Dinur’s brisk romp through Antonin Dvořák’s program opening “Carnival” Overture and the orchestra’s unflinching, commanding response set the standard for the entire rewarding evening. Dinur, the Israeli-American who serves as Resident Conductor with the Milwaukee Symphony, took to directing the San Diego Symphony with the unbridled enthusiasm of a teenager at the wheel of a souped-up muscle car. And it proved a breath-taking ride!
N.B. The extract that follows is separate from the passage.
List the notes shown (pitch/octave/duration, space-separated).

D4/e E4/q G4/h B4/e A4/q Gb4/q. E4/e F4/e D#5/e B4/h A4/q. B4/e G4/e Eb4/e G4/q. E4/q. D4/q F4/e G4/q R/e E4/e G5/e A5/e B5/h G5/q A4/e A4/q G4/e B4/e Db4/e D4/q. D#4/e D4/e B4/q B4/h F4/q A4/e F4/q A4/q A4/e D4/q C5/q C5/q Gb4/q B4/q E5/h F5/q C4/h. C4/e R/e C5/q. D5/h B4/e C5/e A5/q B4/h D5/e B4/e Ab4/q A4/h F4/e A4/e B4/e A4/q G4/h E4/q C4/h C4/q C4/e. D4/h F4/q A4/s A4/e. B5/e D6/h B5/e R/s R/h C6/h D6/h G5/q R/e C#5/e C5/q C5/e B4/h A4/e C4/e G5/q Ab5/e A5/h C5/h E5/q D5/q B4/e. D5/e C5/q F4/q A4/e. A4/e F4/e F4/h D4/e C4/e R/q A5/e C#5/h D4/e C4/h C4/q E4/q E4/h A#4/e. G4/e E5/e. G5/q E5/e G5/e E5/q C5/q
Dinur opened “Romeo and Juliet” with appropriate mysterious anticipation and drew brilliant, taut ensemble work from the orchestra throughout the most turbulent sections of the always popular Overture-Fantasy. The oft-quoted love theme—a subject the composer expressed with incomparable finesse musically, but failed to effect in his personal life—was delivered with fleet ardor by Andrea Overturf on English Horn, Principal Harp Julie Smith Phillips, and Principal Flute Rose Lombardo. Given the work’s lavish array of fanfares from the orchestra’s brass choirs, the Rady Shell’s sophisticated sound system continued to prove its ability to deliver such complex sounds with amazing fidelity and depth.

Although the fourth movement of Nikolai Rimsky-Korsakov’s colorful tone poem “Scheherazade” is also replete with brass exultations, vividly executed by Dinur and the orchestra, nothing proved more winning than Concertmaster Jeff Thayer’s dulcet, sensuous performance of Schherazade’s solo theme that opens and closes the movement.
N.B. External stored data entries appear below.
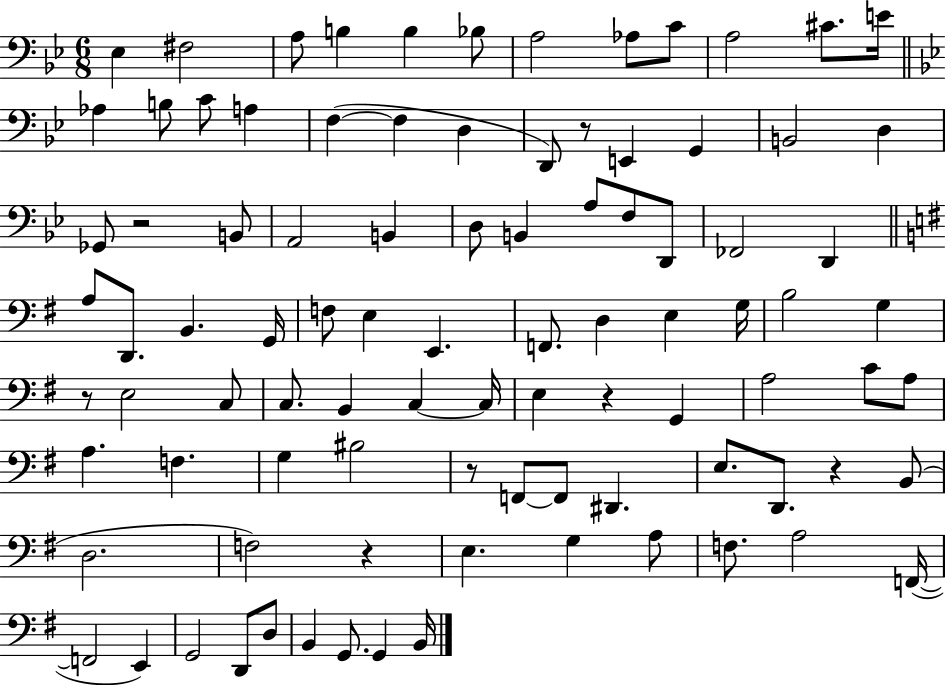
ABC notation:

X:1
T:Untitled
M:6/8
L:1/4
K:Bb
_E, ^F,2 A,/2 B, B, _B,/2 A,2 _A,/2 C/2 A,2 ^C/2 E/4 _A, B,/2 C/2 A, F, F, D, D,,/2 z/2 E,, G,, B,,2 D, _G,,/2 z2 B,,/2 A,,2 B,, D,/2 B,, A,/2 F,/2 D,,/2 _F,,2 D,, A,/2 D,,/2 B,, G,,/4 F,/2 E, E,, F,,/2 D, E, G,/4 B,2 G, z/2 E,2 C,/2 C,/2 B,, C, C,/4 E, z G,, A,2 C/2 A,/2 A, F, G, ^B,2 z/2 F,,/2 F,,/2 ^D,, E,/2 D,,/2 z B,,/2 D,2 F,2 z E, G, A,/2 F,/2 A,2 F,,/4 F,,2 E,, G,,2 D,,/2 D,/2 B,, G,,/2 G,, B,,/4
Before the demise of the Soviet Union, the Armenian composer Aram Khachaturian was frequently linked with Prokofiev and Shostakovich as a vaunted trio of leading Soviet composers. However, his political success pleasing the Soviet watchdogs of Socialist realism has reduced him to a capable second tier composer, today acknowledged mainly for his athletic ballet scores. Whenever filmmakers need lively, slightly exotic dance music, the “Saber Dance” from his ballet Gayane has proven irresistible.

In 1941, just before Hitler invaded the Soviet Union, Khachaturian completed a score to accompany the Mikhail Lermontov stage play Masquerade, which he later turned into a five-movement orchestral suite. Dinur and the orchestra gave a persuasive account of this ingratiating, boldly orchestrated suite, which opens with a muscular “Waltz” filled with grotesqueries that clearly set it apart from, say, Tchaikovsky’s elegant waltzes in his opera Eugene Onegin. Saucy counterpoint gives his “Mazurka” a bit of welcome edge, and his tongue-in-cheek concluding “Galop” takes its cues from Offenbach rather than the dance traditions of polite 19th-century society.
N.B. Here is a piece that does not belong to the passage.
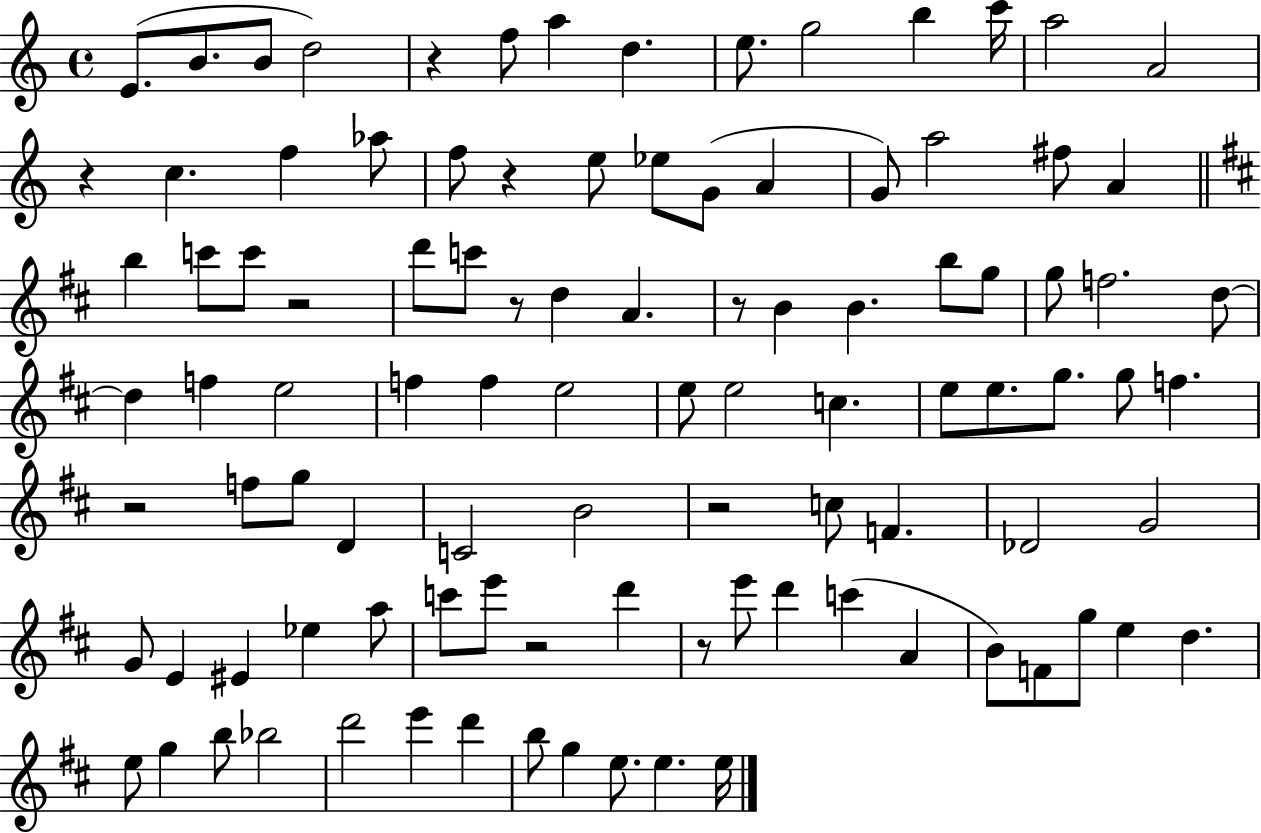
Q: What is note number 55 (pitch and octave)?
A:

The “Overture 1812” fulfilled its function as prelude and accompaniment to the expected dazzling fireworks display, but I give Dinur and the orchestra credit for taking the score more seriously than has sometimes been the case in the past. But it must be frustrating attempting to carefully shape a thoughtful crescendo when canons and fireworks are exploding above the shell!

This concert by the San Diego Symphony was presented at the Rady Shell at Jacob’s Park on San Diego Bay on Friday, September 10, 2021.